- **Supplied material**:
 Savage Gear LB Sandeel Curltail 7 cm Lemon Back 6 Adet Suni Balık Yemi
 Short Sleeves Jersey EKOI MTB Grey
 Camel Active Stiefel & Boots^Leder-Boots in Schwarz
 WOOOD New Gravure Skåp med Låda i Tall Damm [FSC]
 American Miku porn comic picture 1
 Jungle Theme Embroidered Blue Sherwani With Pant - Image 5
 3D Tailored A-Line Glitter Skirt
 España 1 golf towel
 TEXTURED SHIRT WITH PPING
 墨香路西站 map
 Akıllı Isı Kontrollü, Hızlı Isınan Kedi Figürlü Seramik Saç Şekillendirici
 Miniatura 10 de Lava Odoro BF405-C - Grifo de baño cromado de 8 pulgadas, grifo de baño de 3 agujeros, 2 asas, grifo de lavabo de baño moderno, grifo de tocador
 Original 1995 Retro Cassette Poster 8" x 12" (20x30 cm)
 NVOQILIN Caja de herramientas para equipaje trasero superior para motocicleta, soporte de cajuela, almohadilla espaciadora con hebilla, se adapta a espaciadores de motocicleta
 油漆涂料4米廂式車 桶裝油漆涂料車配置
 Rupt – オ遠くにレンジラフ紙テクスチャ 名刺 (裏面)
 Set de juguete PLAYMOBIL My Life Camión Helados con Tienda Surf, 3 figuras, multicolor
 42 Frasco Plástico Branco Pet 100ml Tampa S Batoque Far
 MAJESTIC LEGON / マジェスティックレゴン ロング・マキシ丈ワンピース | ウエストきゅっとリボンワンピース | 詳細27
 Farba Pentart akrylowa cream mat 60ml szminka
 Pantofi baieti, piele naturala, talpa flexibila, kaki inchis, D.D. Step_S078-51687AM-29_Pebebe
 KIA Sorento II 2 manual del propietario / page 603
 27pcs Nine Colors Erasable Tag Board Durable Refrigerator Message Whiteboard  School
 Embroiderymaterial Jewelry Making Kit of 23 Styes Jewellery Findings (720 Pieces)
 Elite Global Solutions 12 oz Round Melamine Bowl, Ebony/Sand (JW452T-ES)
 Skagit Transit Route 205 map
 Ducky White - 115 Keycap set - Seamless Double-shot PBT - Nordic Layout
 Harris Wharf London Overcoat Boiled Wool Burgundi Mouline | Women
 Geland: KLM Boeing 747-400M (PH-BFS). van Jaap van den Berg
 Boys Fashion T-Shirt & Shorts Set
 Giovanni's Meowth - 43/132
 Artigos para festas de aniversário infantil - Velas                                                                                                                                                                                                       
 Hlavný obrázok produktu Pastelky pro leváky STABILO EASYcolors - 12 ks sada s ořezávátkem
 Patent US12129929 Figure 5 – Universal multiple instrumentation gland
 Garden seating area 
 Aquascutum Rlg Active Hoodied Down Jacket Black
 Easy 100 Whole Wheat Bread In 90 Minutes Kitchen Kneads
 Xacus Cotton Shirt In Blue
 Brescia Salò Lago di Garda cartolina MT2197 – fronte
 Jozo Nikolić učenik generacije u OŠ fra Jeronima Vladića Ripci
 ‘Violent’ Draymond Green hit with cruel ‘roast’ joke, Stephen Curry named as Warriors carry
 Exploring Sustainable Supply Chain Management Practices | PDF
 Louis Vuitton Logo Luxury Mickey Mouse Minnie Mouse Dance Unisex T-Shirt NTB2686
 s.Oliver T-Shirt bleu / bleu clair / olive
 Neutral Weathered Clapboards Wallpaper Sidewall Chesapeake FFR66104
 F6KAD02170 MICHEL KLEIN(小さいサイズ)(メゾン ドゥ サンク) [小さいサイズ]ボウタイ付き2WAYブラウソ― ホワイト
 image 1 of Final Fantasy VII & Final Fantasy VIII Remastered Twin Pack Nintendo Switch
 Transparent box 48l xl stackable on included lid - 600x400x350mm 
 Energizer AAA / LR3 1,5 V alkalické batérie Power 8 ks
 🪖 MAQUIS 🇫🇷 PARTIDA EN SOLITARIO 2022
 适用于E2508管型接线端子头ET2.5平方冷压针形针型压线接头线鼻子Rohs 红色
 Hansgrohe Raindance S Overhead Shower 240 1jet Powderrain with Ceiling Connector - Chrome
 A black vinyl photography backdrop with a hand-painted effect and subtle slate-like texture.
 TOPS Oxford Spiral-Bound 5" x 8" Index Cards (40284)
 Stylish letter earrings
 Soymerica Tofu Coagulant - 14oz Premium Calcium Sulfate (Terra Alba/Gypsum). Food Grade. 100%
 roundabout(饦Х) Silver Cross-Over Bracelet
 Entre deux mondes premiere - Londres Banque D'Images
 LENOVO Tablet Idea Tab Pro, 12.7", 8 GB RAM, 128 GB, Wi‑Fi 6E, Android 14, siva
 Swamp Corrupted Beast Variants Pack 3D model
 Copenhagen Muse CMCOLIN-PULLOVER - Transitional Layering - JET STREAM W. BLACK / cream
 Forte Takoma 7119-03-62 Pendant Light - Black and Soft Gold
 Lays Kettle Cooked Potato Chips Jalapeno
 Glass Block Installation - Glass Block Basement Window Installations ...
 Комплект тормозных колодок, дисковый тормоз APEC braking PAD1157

- **Your task**: Provide the count of lines in the records above that hold the word "cream", with no other text.

- **Result of this task**: 2